Question

Use the formal definition of the limit of a sequence to prove the following limits. $$\lim _{n \rightarrow \infty} \frac{n}{n^{2}+1}=0$$

Short answer

Question: Use the formal definition of the limit of a sequence to prove that the limit of the sequence \(\frac{n}{n^{2}+1}\) as \(n\) approaches infinity is 0. Answer: Based on the formal definition and the steps provided, we showed that there exists an N such that \(N>\frac{1}{\epsilon}\).

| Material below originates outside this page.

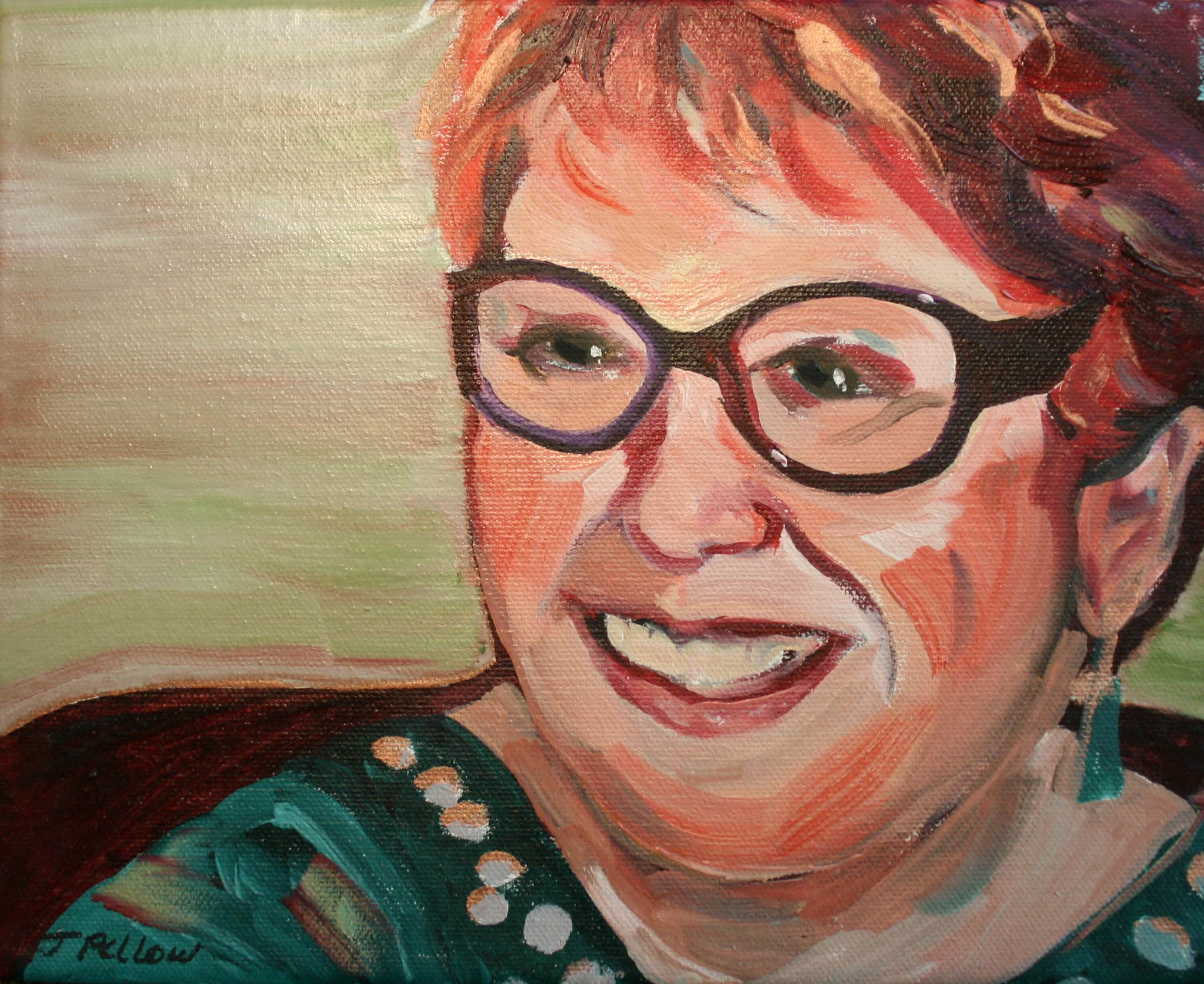 Portrait of Elaine Mills by Jackie Pellow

With this choice of N, we proved that for all \(n>N\), the difference between the sequence and the limit is less than \(\epsilon\), indicating that the limit of the sequence as \(n\) approaches infinity is 0.

Step-by-step solution

Write down the formal definition of the limit

According to the formal definition of the limit of a sequence, we need to show that for any \(\epsilon>0\), there exists a positive integer N such that for all \(n>N\), we have: $$ \left|\frac{n}{n^{2}+1}-0\right|<\epsilon $$ Simplifying, we get: $$ \frac{n}{n^{2}+1}<\epsilon $$

Find a suitable inequality for N

We want to find a suitable inequality that helps us find a connection between N and \(\epsilon\). An inequality that can be helpful in this case is: $$ \frac{n}{n^{2}+1}<\frac{1}{n} $$ This inequality holds because the denominator of the left-hand side, \(n^{2}+1\), is always greater than \(n^{2}\), making the entire fraction smaller than \(\frac{1}{n}\).

Determine N in terms of ε

Now, we want to find N such that for all \(n>N\), we have: $$ \frac{1}{n}<\epsilon $$ For this inequality to be true, we can choose N based on the following inequality: $$ N>\frac{1}{\epsilon} $$

Prove the limit using the chosen N

Now that we have chosen N satisfying that \(N>\frac{1}{\epsilon}\), we want to prove the main inequality to show that the limit of the sequence is indeed 0. For all \(n>N\) (which implies \(n>\frac{1}{\epsilon}\)), we have $$ \left|\frac{n}{n^{2}+1}-0\right|=\frac{n}{n^{2}+1}<\frac{1}{n}<\epsilon $$ This shows that the limit of the sequence as \(n\) approaches infinity is indeed 0, as required.